Malheureusement, les hommes modernes et pourtant éduqués d’aujourd’hui, n’ont pas su conserver cette ancienne sagesse. Les rizières et les cultivateurs sont toujours présents dans la cuvette de Tana, mais leurs terres sont petit à petit grignotées par les habitations, et se réduisent comme peau de chagrin. On peut donc voir maintenant de grandes étendues vertes et marécageuses entaillées par quelques grands axes goudronnés, parsemées de maisons, le plus grave étant que celles-ci sont à risques d’être balayées par une inondation si jamais le fleuve Ikupa décide un jour de sortir de son lit, comme cela s’est déjà produit par la passé. Il est vrai que la sécheresse qui s’aggrave d’année en année ne porte pas à croire que cela pourrait se produire un jour, cependant, c’est selon ce rythme régulier d’inondations annuelles que les rizières ont été alimentées en eau durant des siècles, permettant ainsi à quelque mille villages, puis 12 royaumes avant de n’en devenir plus qu’un seul et unique, de prospérer dans la zone qui deviendrait un jour Antananarivo (la ville des mille).
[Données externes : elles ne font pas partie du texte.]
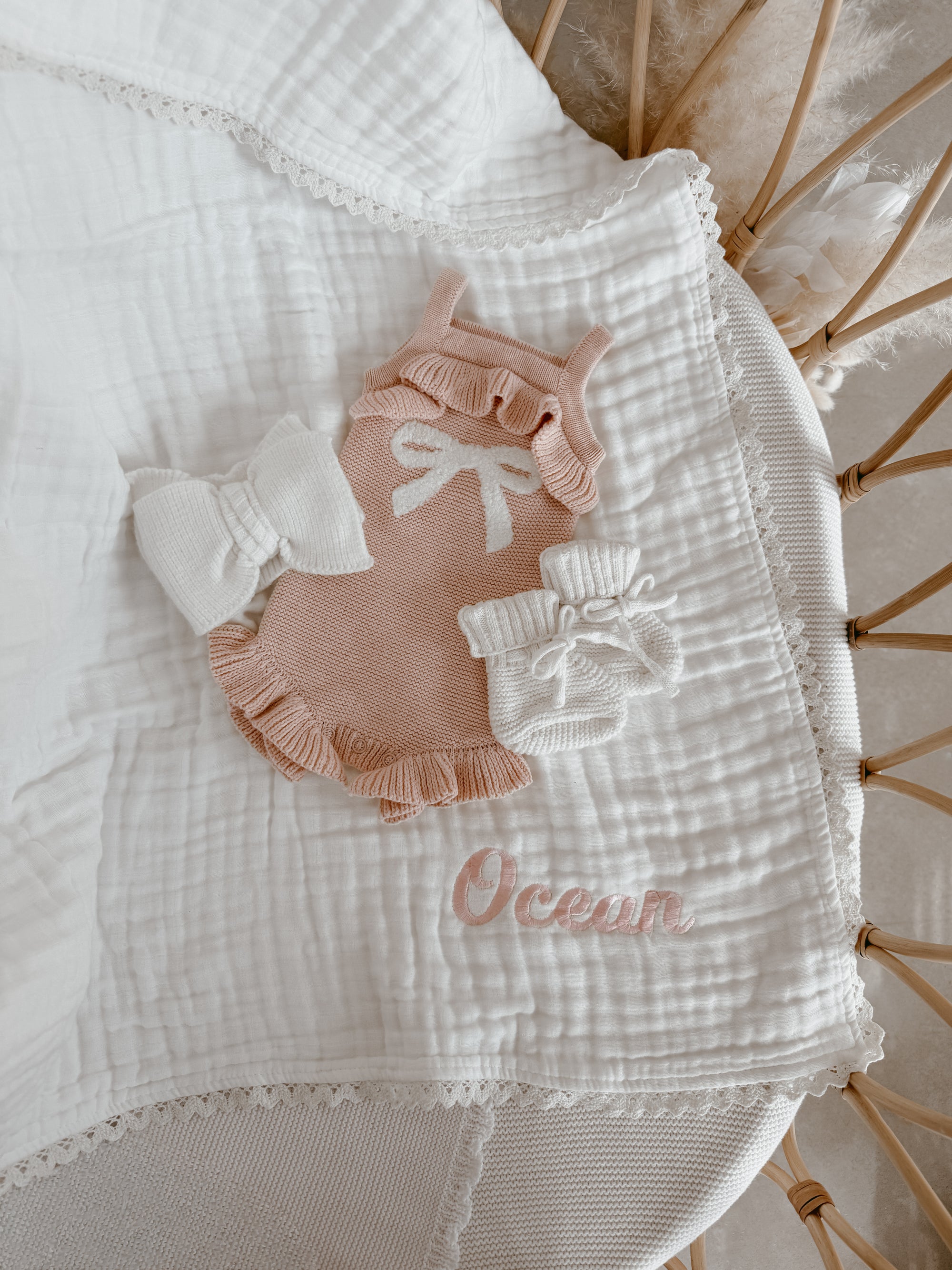 Heritage Muslin Blanket - Milk with Lace Trim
Le résultat est donc qu’aujourd’hui Antananarivo est un paradoxe à elle toute seule de modernité et d’ancienneté, de bâtiments délabrés et d’autres plus récents, de maisons de bois au toit de tôle ou de briques d’argile rouge au toit de paille, de maisons cossues, de champs cultivés et de pierres, de misère et de richesse, de beauté et de laideur, le tout enveloppé dans la poussière de la terre rouge des hauts plateaux et des rejets de gaz des véhicules, auxquels seuls les habitants habitant sur les collines échappent.

Personnellement, je ne lui trouve aucun attrait ni aucun charme. Il ne reste presque aucune empreinte concrète de son histoire, à par le Palais de la reine, lequel a subi des transformations qui feraient hurler n’importe quel restaurateur en bâtiment ; aucune empreinte culturelle non-plus, les marchés sont les magasins des pauvres pour acheter tout ce dont ils peuvent avoir besoin, nourriture, vêtements, chaussures, petit électronique, mobilier, pièces de rechange, et s’il existe bien un artisanat et un savoir-faire malgache de grande qualité, à part dans 2 ou 3 marchés couverts répartis dans la ville, on ne le voit pas. A ce jour, Antananarivo me semble plutôt un enfer pour les pauvres comme pour les riches, à la différence que ces derniers peuvent se réfugier dans leur belle et grande maison avec jardin pour échapper au grand capharnaüm qu’est cette ville.

Comments

  1. Merci pour les très belles photos partagées sur votre site web !

    1. Merci. Pour l’instant, je n’ose pas trop demander aux gens si je peux les photographier, de front, de près, dans leurs activités quotidiennes, mais j’y viendrai car cela permettrait aussi de mieux comprendre la vie de la population: les femmes au lavoir, les gens dans les rizières, la queue devant les toilettes et douches publiques pour remplir d’eau les bidons jaunes… et donner un visage à ces gens.